Recentes detalhes de empréstimos dados pelo FMI demonstram que ele não aprendeu a lição. Ao Paquistão foi sugerido que aumente os juros e as tarifas de eletricidade, à Hungria que desvalorize a moeda e aumente os juros, à Latvia que reduza os gastos com o governo, à Servia que corte os gastos com o setor público e a El Salvador que não aumente o déficit fiscal.

Numa declaração da semana passada, Brown pediu novos 100 bilhões de dólares para garantir o comércio. Isso significa muito dinheiro para as agências de crédito que foram responsáveis pelo enorme crescimento das dívidas "ilegítimas" nas últimas três décadas -- dívidas que fizeram pouco ou nada para beneficiar as populações dos países que receberam o dinheiro, mas que ajudaram os nossos fabricantes de armas.
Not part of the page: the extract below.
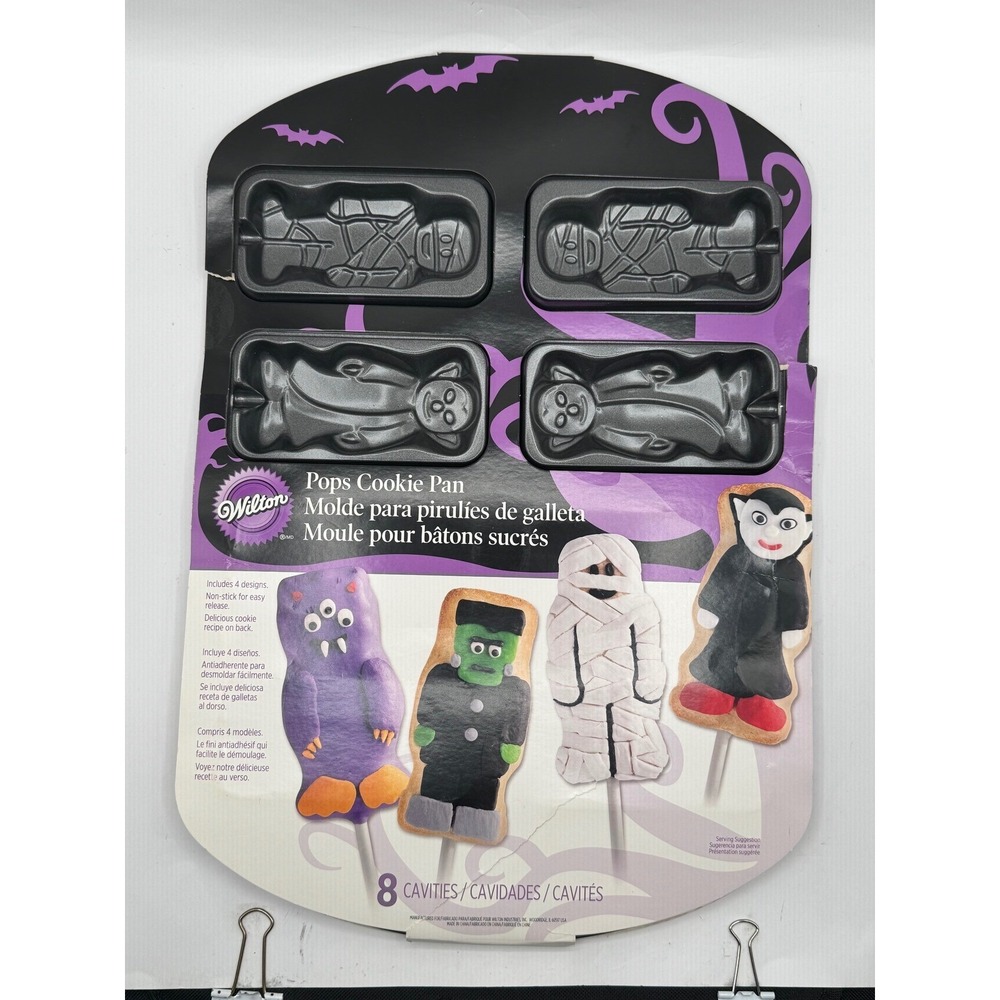Wilton Pops Cookie Pan Halloween Bat Monster Mummy Ghost Vampire Pop‎ Mold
Propostas mais sérias, de outra parte, foram feitas recentemente pela Comissão de Especialistas da ONU formada pelo presidente da Assembléia Geral sobre a crise financeira. A comissão, dirigida pelo premio Nobel Joseph Stiglitz, pediu uma profunda reforma da economia global, inclusive com um processo internacional para maior e mais justo cancelamento de dívidas, o fim das condicionalidades obrigatórias e uma nova moeda de reserva para substituir o dólar. O presidente do Banco Central da China ecoou esse pedido na semana passada, sugerindo também um sindicato internacional de comércio -- uma idéia do economista John Maynard Keynes para evitar o acúmulo de enormes déficits ou superávits comerciais como aconteceu em anos recentes.

Estes são sinais de esperança, assim como a proposta de governos da América Latina de finalmente lançar o Banco do Sul, que permitiria aos sócios maior independência do FMI e do Banco Mundial, a partir de maio

Essencialmente, as soluções devem responder não só à economia, mas à política. Mais do que qualquer coisa, os países em desenvolvimento foram roubados de sua soberania e dignidade por mais de 30 anos e precisam reconquistar sua independência. A dependência criada e sustentada pela dívida por décadas precisa ser quebrada para haver qualquer esperança de desenvolvimento global e fim da pobreza.

Mas tais idéias dificilmente serão consideradas pelo G20. Apenas um movimento organizado das pessoas pode trazer as mudanças necessárias. É esse movimento que os protestos desta semana devem lançar, um movimento sem precedentes para enfrentar um momento sem precedentes, tanto de crise quanto de oportunidades.